Ve kim ne derse desin farklı bir şeyler yapıyor, üretiyor.
“A Canım” klibi ve diğerleri de hepsi farklı. Bu anlamda bile alkışı hak ediyor…
Ve Mabel Matiz deyince her zaman.
1- Şarkılarını merak ediyorum.
2- Sözlerini merak ediyorum.
3- Kliplerini merak ediyorum.
4- Acaba bundan sonra neler yapacak, neler üretecek diyebiliyorum.
5- Mabel Matiz, cesur ve tarzı var diyorum.
Daha ne olsun. Son yıllarda kaybettiğimiz birçok özelliği barındırıyor. O anlamda bile alkışı fazla fazla hak ediyor.
Mustafa sahalara geri döndü
“Bu kız beni görmeli, bana kazak örmeli” derdi. Ve tabii “Aya benzer yüreğim, doğal olarak takipteyim” de derdi.
Derdi de derdi. Hala da dilimizi dolanıyor şarkıları.
Her akşam bir mekana çıkın mutlaka bir Mustafa Sandal şarkısına denk gelirsiniz.
Şimdi sahalara da geri döndü.
Çapkınlıkları ile de son günlerde sürekli adından söz ettiriyor.
Tabii yeni nesil pek hatırlamaz ama Mustafa Sandal bir döneme damgasını vurmuştu şarkıları olduğu kadar aşklarıyla da.
Tabii evlenmeden önce.
Şimdi boşanma sonrası hızlı dönüş yapıyor gibi.
Her gün bir aşk haberi, her gün biriyle anılma haberi.
Belki güzel bomba şarkılar da peşi sıra gelir belli mi olur.
Sabırsızlıkla bekliyoruz.
İltifat mı, hakaret mi belli değil
Bazı insanların iltifat diye kullandıkları cümlelere çok şaşırıyorum.
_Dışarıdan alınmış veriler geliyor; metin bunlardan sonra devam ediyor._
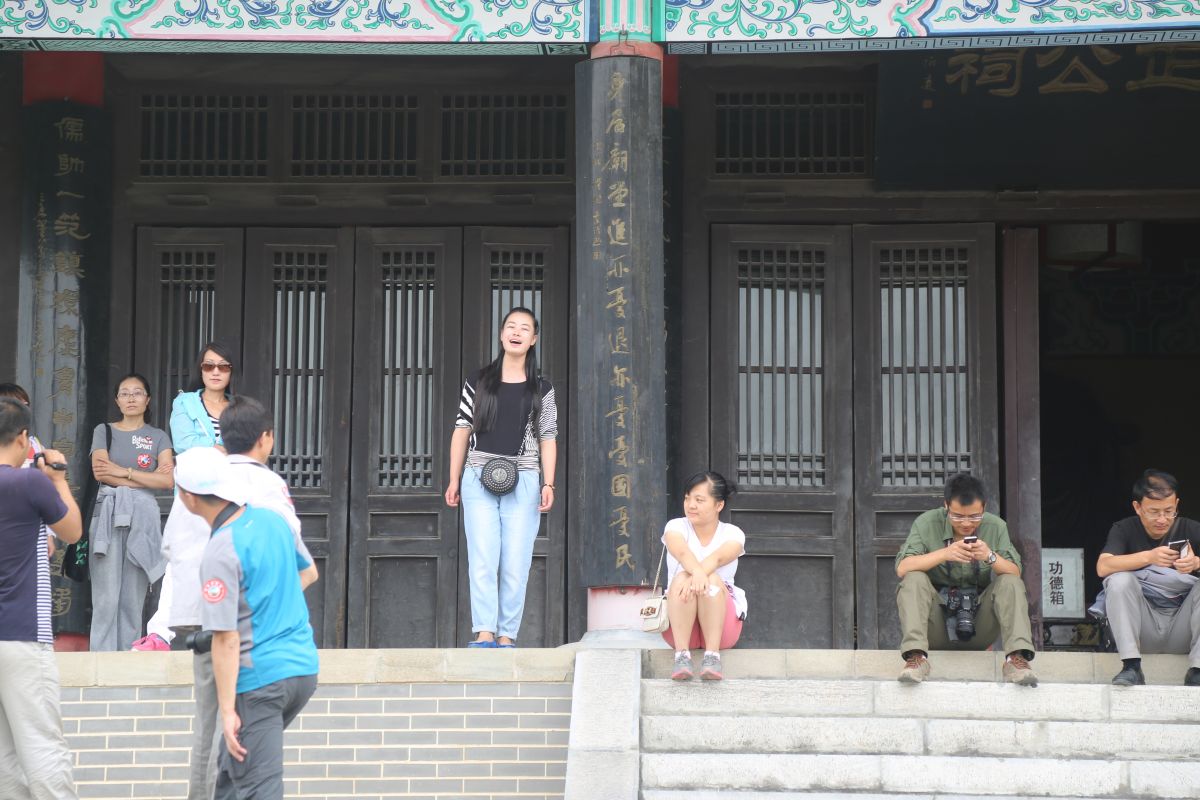 印象庆阳网线下活动回顾-走进“巧儿说法”法治文化发祥地红色华池（2014.8.9—8.10）
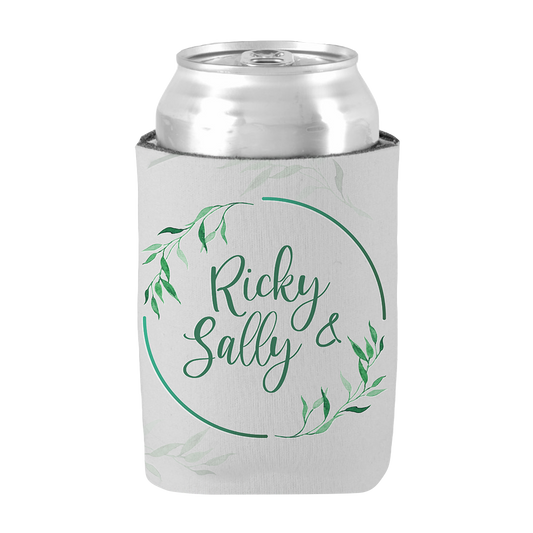 Personalized Wedding Cooler - Gray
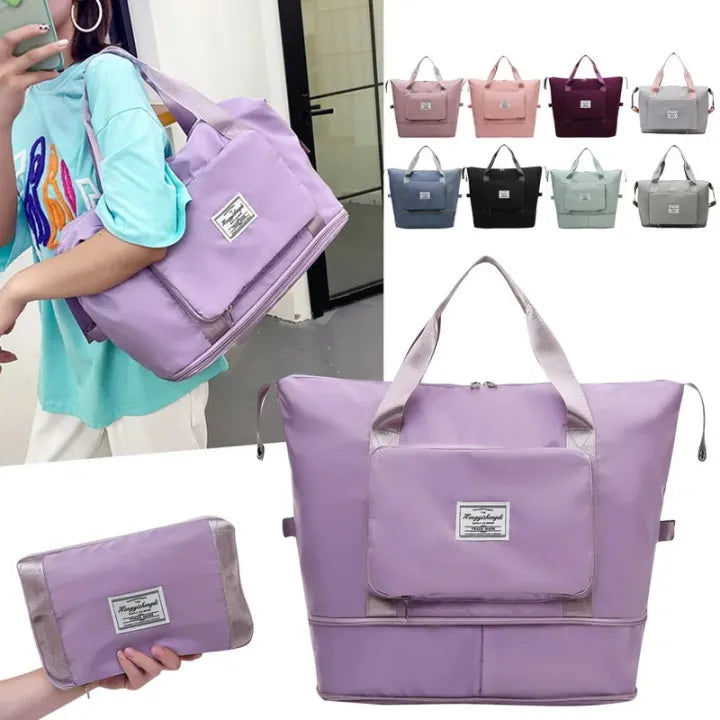 Extendable Travel Bag – Large Capacity Foldable Luggage Bag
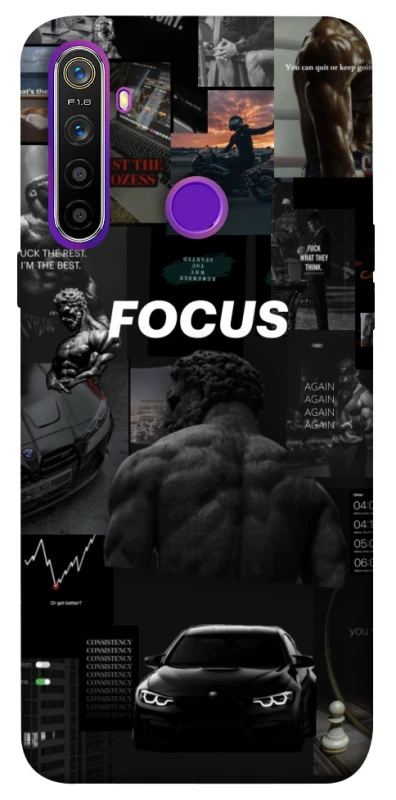 Чехол на Realme 5 Focus ver.1 фото 1 из 1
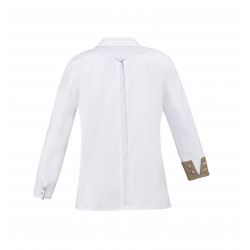 Veste de cuisine femme manches longues VIGA dos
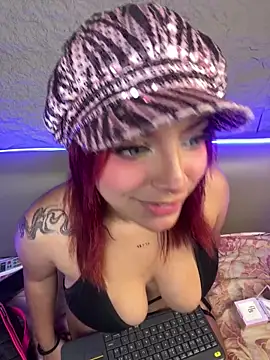 Snapshot of GiaRedd chatting on 06/03/26, 12:50 GiaRedd online show from 06/03/26, 12:50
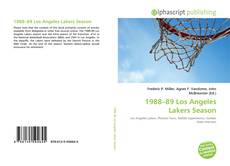 Bookcover of 1988–89 Los Angeles Lakers Season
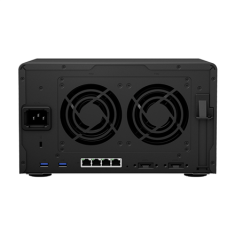 Synology Synology | NAS v stolpu | DS1621+ | do 6 HDD/SSD z vročo zamenjavo | AMD Ryzen | Ryzen V1500B Quad Core | frekvenca procesorja 2,2 GHz | 4 GB | DDR4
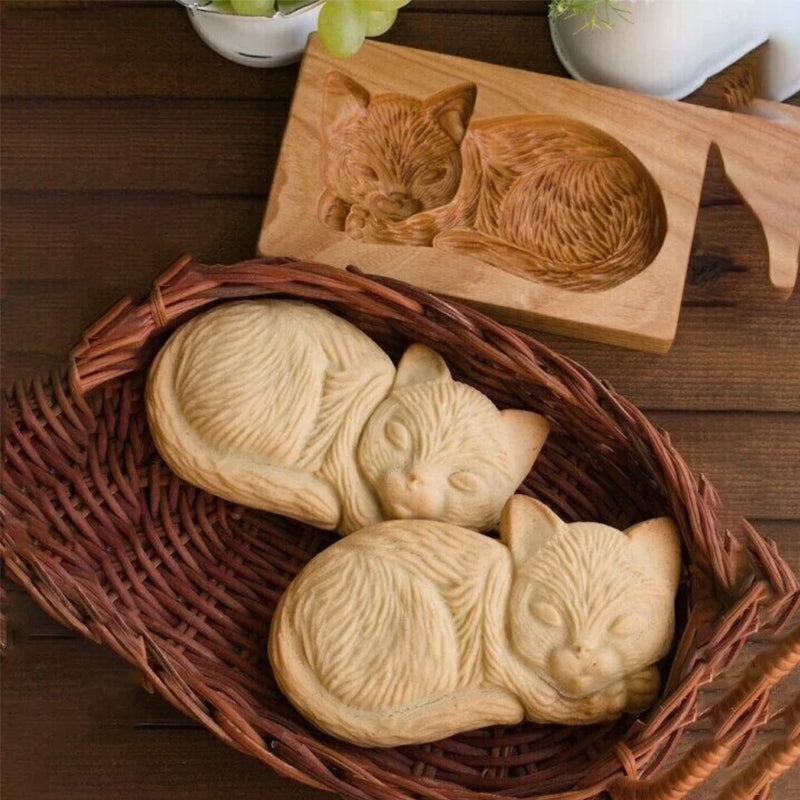 Seasonal Shape Maker: Wooden Cookie Cutter Set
Özellikle insanımız “Nasılsın, iyi misin?” demeden daha sohbet etmeden şu ikiyi cümleyi patlatıveriyor. 1-Ne kadar güzelleşmişsin. 2-Çok zayıflamışsın. Ve maalesef sen. İltifat ettiğini zanneden sen. İkisi de şu anlama geliyor. 1-Daha önce çok çirkindin. 2-Daha önce çok şişkoydun. Kardeşim yapmayın, etmeyin. Bir sohbet edin. Bir hal hatır sorun. Bir dostunuz ile güzel bir an geçirin. Nedir şu kilo ve güzellik takıntınız. Yeter Allah aşkına. Sanki bizim memlekette herkes güzellik kraliçesi herkes 90-60-90 ölçülerine sahip. Bir yeter. Allah aşkına bir bırakın şu kilo ve güzellin takıntılarını.